Although, I know that it was just a fish, I still shed a couple tears for it. I suppose I put more into the situation that what it really is. I got it from a friend that I haven't spoken to in 6 months and maybe I was hoping to be friends with her again. I guess as of now, since the fish is dead that maybe we will never be friends again.

This friend I speak of were friends when we worked together, but I quit that job in August. I suppose the fish can also signify that all the pain and anguish from that job is far behind me with recent events in my life. I couldn't be happier with my current situation with the opportunities that have come into my life. I've come along way from where I was when I was working in the tax industry and I'm doing so much more with my fashion business.

I am just sad that my fish died overall and for today I'll just remember how I liked stressing it out to do that expanding gill thing it did. In retrospect, maybe it didn't really like that, hehehehhe.

Sunday, February 3, 2008

My girl day!

So, the husband is out of town for Superbowl Sunday and I have the whole house to myself. Well, other than the dog who hasn't moved from the couch since breakfast, I still have the bedroom, my sewing room the kitchen, all three bathrooms that I will probably use all of them! Hahahaha, I'm gonna do all the things I can't really do when there is a man in the house. You know girl stuff! I have a client coming over, but after that I'm going to put on "Pride and Prejudice" the one with Kiera Knightly in it and watch "Devil Wears Prada" after that.
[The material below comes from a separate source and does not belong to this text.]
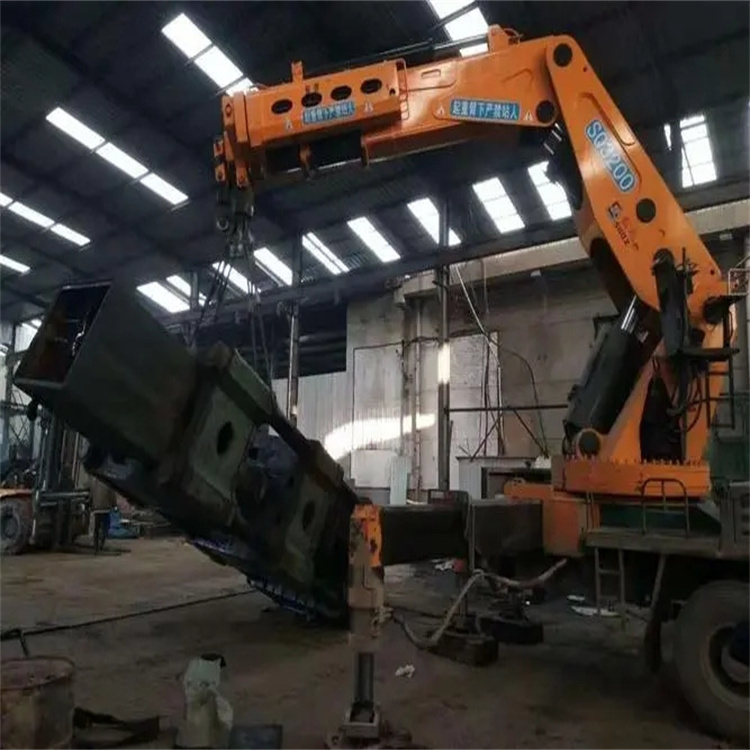 嘉兴秀洲折臂吊出租怎么收费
I want to be famous so bad, I have a business meeting next week that I want to go through with little to no kinks. This deal will definitely get me more into the fashion industry, more so than I already am.

I'm getting there, everyday I work, work, work. I'm living, breathing, and sleeping fashion. This what I had wanted to do since I started sewing Barbie clothes, when I was 5. In the beginning of all of this my mom said to pick a back up and I did in accounting. As much as I am good at my part-time day job, I get distracted by all things fashion.

Hell, I might not even be a good accounting manager. I know for sure that I am a great designer! I was thinking of the next time I try out for Project Runway, since this year will be the 4th time. That I don't even care anymore if I get picked or not, it's just great to get real reviews from the gatekeepers of fashion.

The last time, I tried out I was pissed off, but then again I took what they said and I used it to move forward.